I am trying to use glmmTMB to run a number of iterations of my model, but keep getting the same continual error. I have tried to explain my experiment below and inserted the full model I am trying to run.
Background to the experiment
The dependent variable I am trying to model is bacterial 16S gene copy number, used as a proxy for bacterial biomass in this case.
The experimental design is that I have stream sediment from 8 streams that fall along a pollution gradient (impacted to pristine). (Factor 1 = Stream, with 8 levels).
For each of the 8 streams, the following was performed,
Sediment was added to 6 trays. 3 of these trays were placed into an artificial stream channel warmed to 13°C, whilst the other 3 were heated to 17°C (Factor 2 = Warming treatment, with 2 levels). There are 16 channels in total and Warming treatment was randomly assigned to a channel.
I then repeatedly measured the 3 trays in each stream channel over four time points (Factor 3 = Day, with 4 levels).
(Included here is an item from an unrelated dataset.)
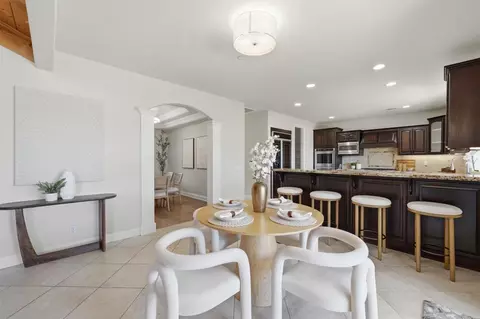 Dining - 3676 Alta Vista Dr, Fallbrook, CA 92028 photo 4 of 5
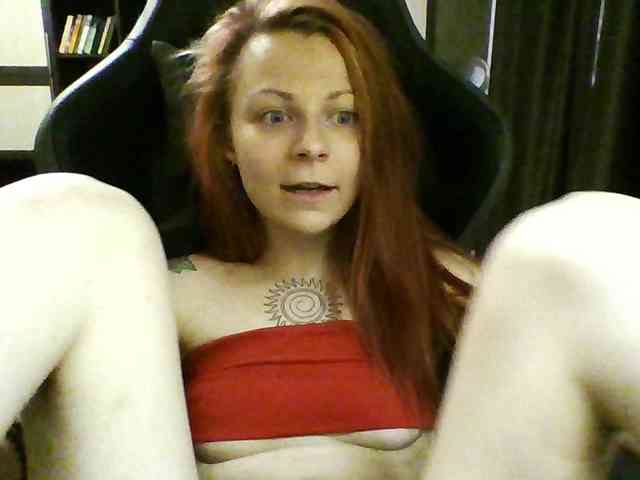 SeleneMur webcam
At this moment in time I am treating tray as a true biological replicate and not a pseudorep as the trays are considerably far away from one another in the channels, but this is to be explored.
So just to summarise: the model terms are (all are specified as factors):
Warming treatment (13 vs 17oC)
StreamID (1,2,3,4,5,6,7,8)
Day (T1, T4, T7, T14)
The full model I was proposing was,
X4_tmb.nb2<-glmmTMB(CopyNo~Treatment*Stream*Time, family=nbinom2, data=qPCR)
Even though this version of the model does not include a random effect, I wanted to use the glmmTMB package and not run this using lme4, because I wanted to explore the idea of adding a model component to account for dispersion, and also explore the option of adding tray as a random effect (not sure if this is correct). By running all versions of the model in glmmTMB, I am able to confidently compare their AIC scores. I wouldn't be able to do this if I ran the full model without the dispersion component in lme4 and the others using glmmTMB.
Unfortunately, for most iterations of the full model when using glmmTMB (by this I mean dropping model terms sequentially), I get the same constant warning:
Warning message: In fitTMB(TMBStruc) :
Model convergence problem; false convergence (8). See vignette('troubleshooting')
I have tried to understand the error but I am struggling to understand because, the confusing thing is when I run the full model using lme4, it runs with no error.
This is the version of the full model that runs in lme4,
X4 = glm.nb(CopyNo~Treatment*Stream*Time, data = qPCR
As far as I understand from reading https://www.biorxiv.org/content/10.1101/132753v1.full.pdf
# line 225, it is possible to use this package to cross compare between GLMs and GLMMs. Do you know if I have understood this correctly?
I also used the DHARMa package to help validate the models and the version that failed to converge using glmmTMB, pass the KStest, the dispersion test, the outlier test and combined adjusted quantile test, but ideally I do not want the convergence error.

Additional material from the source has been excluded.